Are you sure that your form submission is working? The Submit button has a type image rather than type submit.


----------



## JiminSA (Dec 15, 2011)

> The Submit button has a type image rather than type submit.


Thanks, Josiah. Unfortunately it made no difference changing it to type="submit" (except to render a normal submit button). Incidentally I have a javascript alert on entry to my submit process, to indicate successful entry from Ajax.


----------



## Ent (Apr 11, 2009)

The other thing which is odd, though it could have other explanations, is that I get a 404 error if I try pointing the browser straight to http://surf4wheels.com/post.php

Also, your site seems to be intermittently crashing my firefox. (Not exactly a standard install so there are a gazillion possible reasons, but I thought you might want to know.)


----------



## JiminSA (Dec 15, 2011)

> I get a 404 error if I try pointing the browser straight to


Woops!
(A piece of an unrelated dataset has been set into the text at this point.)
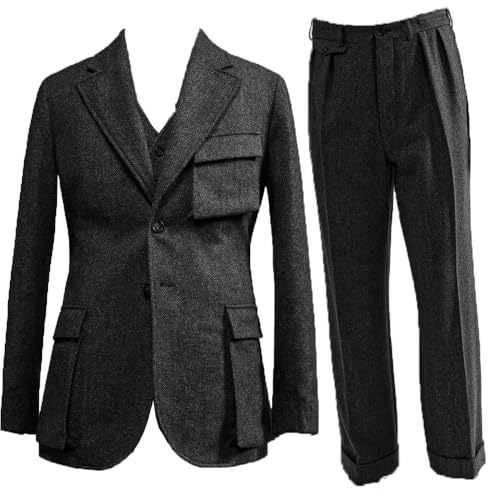 Suit for Men Herringbone Tweed Wool Three Piece Suits Slim Fit Vintage Wedding Halloween 2024 Blazer+Vest+Pants2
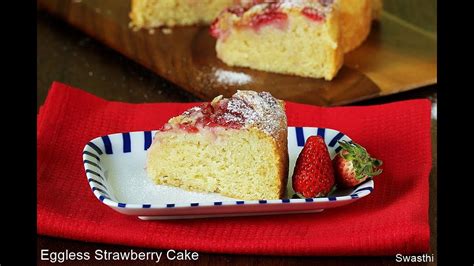 Eggless Strawberry Cake Recipe How To Make Starwberry Cake Without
My bad! I was doing the research on xampp and hadn't yet uploaded post.php - now done.


> Also, your site seems to be intermittently crashing my firefox.


Yes, there seems to be a major site problem with chrome (see my other thread) which may be doing naughties on FF, although I've not experienced any myself


----------



## Ent (Apr 11, 2009)

So does it work now?


----------



## JiminSA (Dec 15, 2011)

Sorry for the delay I was busy trying to get hold of Chrome version 37.0.2062.103 ...


> So does it work now?


No unfortunately not ...


----------



## Ent (Apr 11, 2009)

That's a pity. 
At this point, I'd just be sticking in alerts in the sending and success functions to report exactly what data you're sending and exactly what the server is sending back. I'm afraid I don't have much faith in your success banner at this point in time.  

As for the crashes, it wasn't slow down, it was full blown firefox closing and offering to send information to Mozilla. I think it was a firebug thing though, so while there's perhaps something non-standard about your site, it's probably not an issue for most of your users.


----------



## JiminSA (Dec 15, 2011)

> I'm afraid I don't have much faith in your success banner at this point in time.


Nah me neither But what would life be like without these challenges?


----------



## JiminSA (Dec 15, 2011)

Well, to cut a long story short, I have dropped Ajax and gone the old route with a message display ...


----------